Comumente a defesa se depara com denúncias por furto tentado em estabelecimento comercial que, em razão de seu sistema de monitoramento eletrônico e físico, tornaram impossível a consumação do delito. São casos em que o réu subtrai bem de determinado local e, vigiado por câmeras e seguranças, tão logo sai do estabelecimento é detido.

As grandes lojas de departamento são as maiores vítimas deste tipo de crime e, por esta razão, investem em equipamentos de segurança para impossibilitar a prática de pequenos delitos em seu interior. Referidos valores gastos a título de segurança e equipamentos são diluídos nos valores cobrados dos consumidores finais, independentemente do índice de investidas criminosas nos meses subsequentes à instalação. Cabe ao juiz, conforme o caso concreto a ele submetido, decidir se a tentativa do crime de furto em estabelecimento desta natureza, provada a eficiência do sistema de segurança, deve ser punida, ou não.

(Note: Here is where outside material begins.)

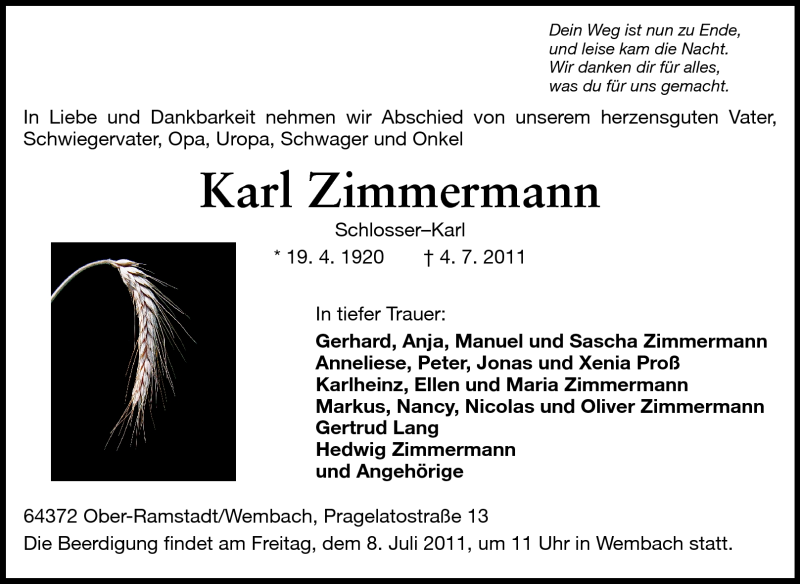  Traueranzeige für Karl Zimmermann vom 06.07.2011 aus Echo-Zeitungen (Gesamtausgabe)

Diz o Código Penal, em sua parte geral, especificamente em relação ao artigo 17, “não se pune a tentativa quando, por ineficácia absoluta do meio ou por absoluta impropriedade do objeto, é impossível consumar-se o crime”.

Referida opção legislativa é no sentido da adoção da Teoria Objetiva Temperada ou Intermediária. Isso porque, para a configuração da espécie, é necessária a escolha de um meio de execução absolutamente inidôneo ou a constatação de um objeto material absolutamente impróprio. Assim, entendendo o magistrado que o meio escolhido pelo réu para consumar a infração era absolutamente ineficaz pelo sistema de monitoramento e sua pronta intervenção, pode deixar de punir a tentativa e absolver o acusado.

Fica evidente que em determinados casos o denunciado não conseguiria sair do local com os bens da vítima, posto que toda sua movimentação estava sendo observada, desde o início, por pessoas que apenas o aguardavam sair do local para a abordagem. Portanto, o bem jurídico tutelado pelo Estado, a propriedade, nunca esteve em risco, pois a coisa sempre esteve sob completa vigilância da vítima. Tanto é que o delito não se consumou e nem se consumaria em hipótese alguma, já que houve a ineficácia absoluta do meio escolhido.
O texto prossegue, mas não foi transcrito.